Logomarca

Um jornal a serviço do MS. Desde 2007 | Sexta, 10 de Julho de 2026

DIREITOS HUMANOS

Sete pessoas se oferecem para acolher bebê com quadro grave de saúde

Candidatos procuraram a Justiça, mas ainda precisam passar pelo processo obrigatório.

Campo Grande News

10 de Julho de 2026 - 16:55

Sete pessoas se oferecem para acolher bebê com quadro grave de saúde
Menininho precisa de cuidados constantes e de uma família que possa dar acolhimento e amor (Foto: Divulgação/Núcleo de Adoção do TJMS).

Cerca de sete pessoas procuraram o Núcleo de Adoção de Campo Grande interessadas em acolher o bebê de aproximadamente dois meses que, por causa do grave quadro de saúde, ainda não encontrou uma família entre os pretendentes habilitados no SNA (Sistema Nacional de Adoção).
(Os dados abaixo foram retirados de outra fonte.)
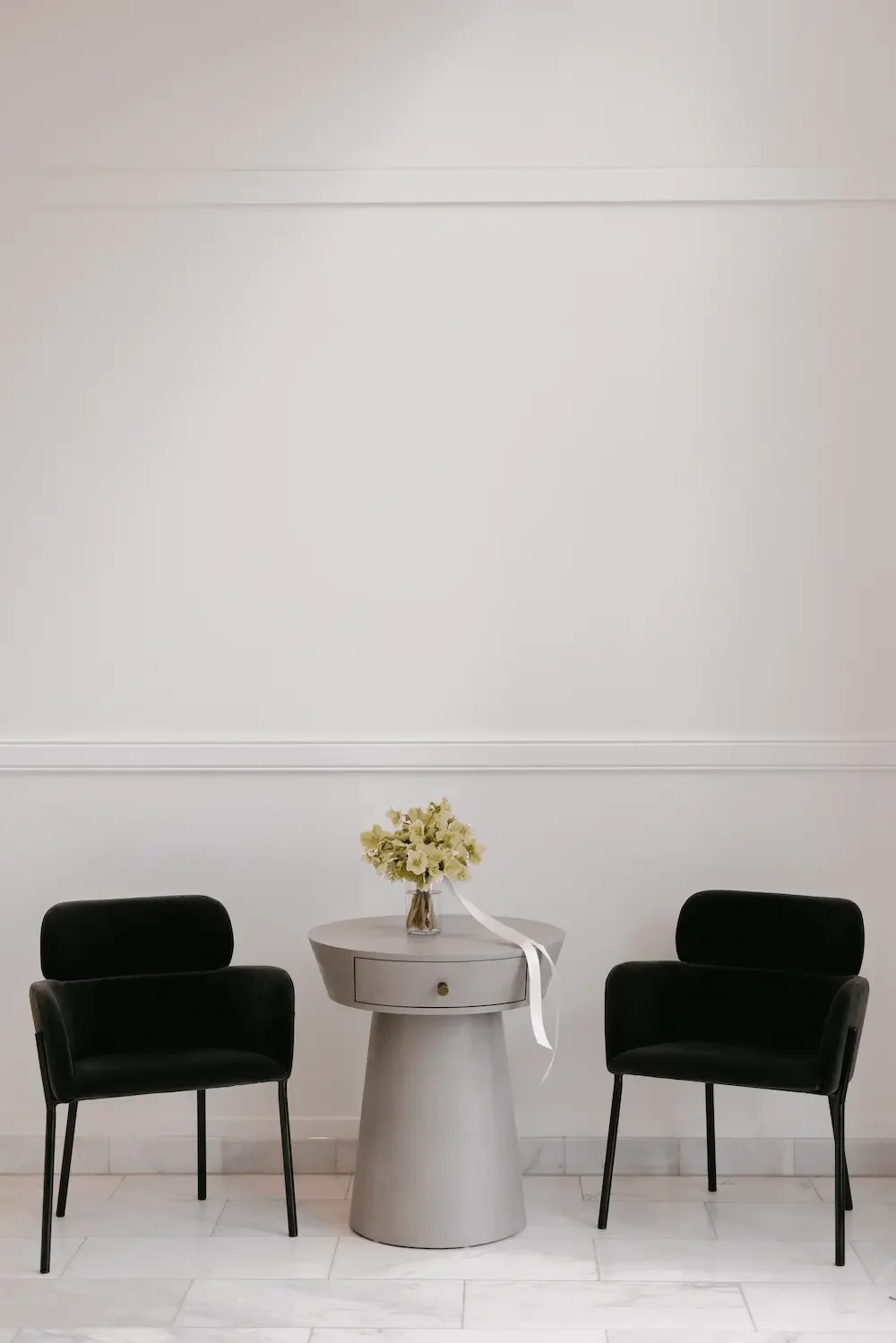 Minimalist interior with two black chairs flanking a small gray table with a drawer, holding a vase of white flowers with a white ribbon.
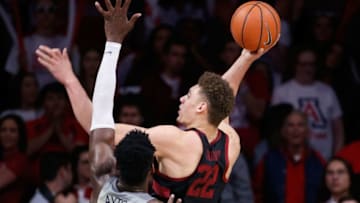 TUCSON, AZ - MARCH 01: Reid Travis #22 of the Stanford Cardinal shoots against Deandre Ayton #13 of the Arizona Wildcats during the college basketball game at McKale Center on March 1, 2018 in Tucson, Arizona. The Wildcats beat the Cardinal 75-67. (Photo by Chris Coduto/Getty Images)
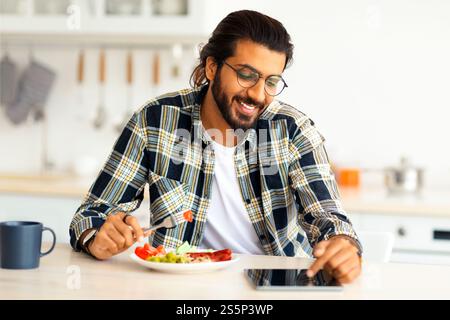 Positive arab guy having breakfast, using digital tablet, copy space Stock Photo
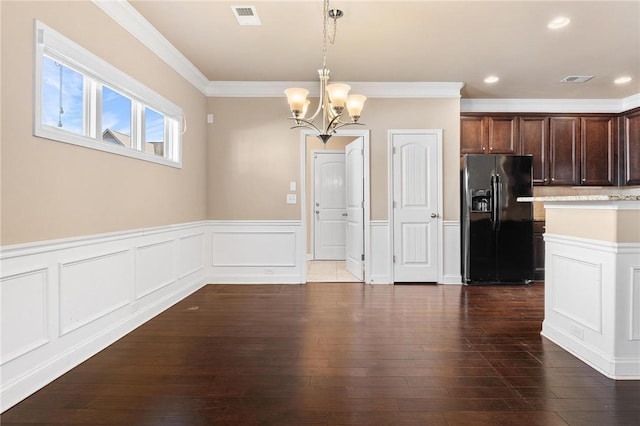 unfurnished dining area featuring crown molding, dark wood-type flooring, and a notable chandelier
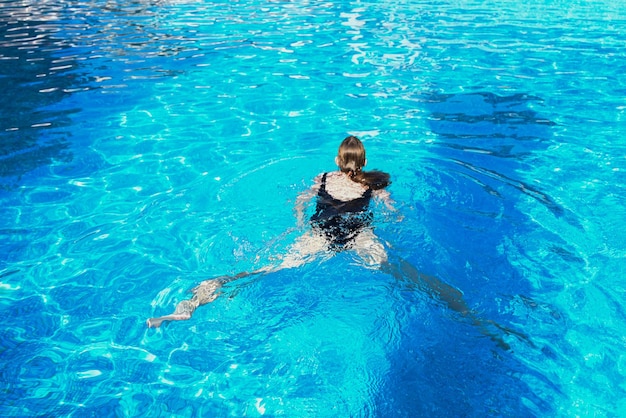 Junge Frau schwimmt auf dem Wasser im Schwimmbad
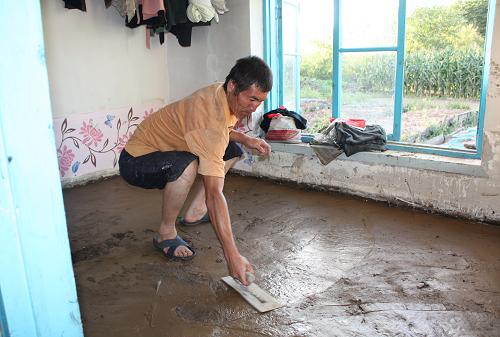 8月20日,撫松縣露水河鎮(zhèn)受災群眾重新抹平室內水泥地面。新華社記者 王猛 攝
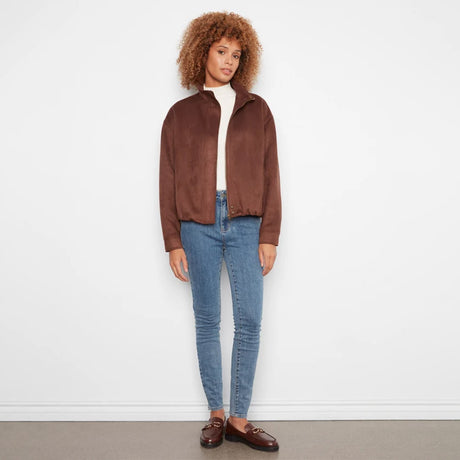 A woman with curly light brown hair stands against a white wall wearing a brown suede-like cropped jacket over a white top, blue skinny jeans, and brown loafers.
Os contatos ocorreram após a história do menino ser publicada pelo Campo Grande News, no último dia 8. Nenhum dos interessados, porém, está atualmente apto a adotar. Alguns começaram o curso obrigatório do processo de habilitação, enquanto outros ainda nem chegaram a essa etapa.

Exceção em projeto de adoção, há 2 meses bebê com saúde frágil espera família

Antes do abandono, casais jovens procuram a Justiça para entregar bebês à adoção

Mesmo assim, os nomes estão sendo anotados e as primeiras conversas já começaram. Caso nenhuma família seja encontrada entre os pretendentes já cadastrados no sistema nacional, essas pessoas poderão passar pelo processo de avaliação psicossocial e habilitação.

Segundo a assistente social do Núcleo de Adoção Rita Diniz Marques, o interesse, sozinho, não basta. Antes de assumir a criança como filho, os pretendentes terão de conhecer detalhadamente as condições de saúde do menino e demonstrar que estão preparados para os cuidados que ele exige.

“Não pode só, digamos assim, ter interesse. A pessoa também tem que passar por um processo de avaliação psicossocial para a gente saber se ela tem perfil para adotar uma criança com as condições dele”, explica.

O bebê nasceu prematuro e apresenta problemas cardíacos e renais, além de fenda palatina e lábio leporino. Desde a publicação da primeira reportagem, ele já passou por um procedimento cirúrgico e continua no hospital.

Esse quadro, segundo Rita, ainda não está completamente definido. Há exames sem resultado e suspeitas de outros problemas de saúde que ainda não podem ser confirmados. Por isso, nem mesmo a equipe consegue apresentar aos possíveis pais um prognóstico fechado sobre o futuro da criança.

“Quem for assumir a responsabilidade por essa criança tem que entender isso, que é assumir uma responsabilidade para sempre. É como pai e mãe, é ter o filho e assumir para a vida toda”, afirma a assistente social.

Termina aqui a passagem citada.